When developing systems with some internal state that cannot be accessed by multiple writers simultaenously, it's common to approach the problem by wrapping the state with locks or other concurrency primitives. The goal is to ensure that any operation on the state is both atomic and isolated. The operation on the state should occur fully, or be rolled back to some known state. Two or more operations on that shared state should also not happen concurrently.
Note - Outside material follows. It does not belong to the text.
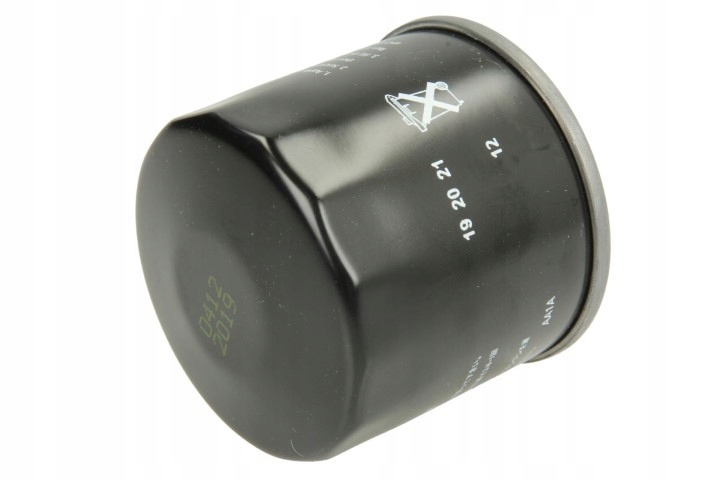 фото №15, Фильтр масла kia sorento ii, sportage mazda 121 i, 121 ii, 2, 3, 323 c iv,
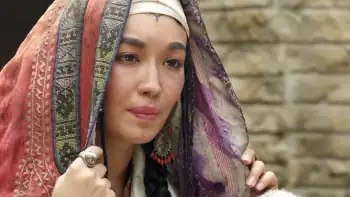 download kazakh khanate: the golden throne (2019) dual audio {hindi-turkish} 480p [400mb] | 720p [1gb]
This scenario gets more interesting when writing single threaded, co-operative systems (e.g., async), where multiple coroutines exist in some state, but only one of which can be running at any single point in time. In this scenario, achieving an atomic and isolated transaction on some state can be done by not yielding the coroutine during the transaction. If the operation succeeds, the coroutine continues as normal until it eventually yields back to the event loop. If it fails, the coroutine cleans up and either immediately yields or continues on. Either path results in an atomic and isolated transaction where no other coroutine could be interacting with the state at the same time.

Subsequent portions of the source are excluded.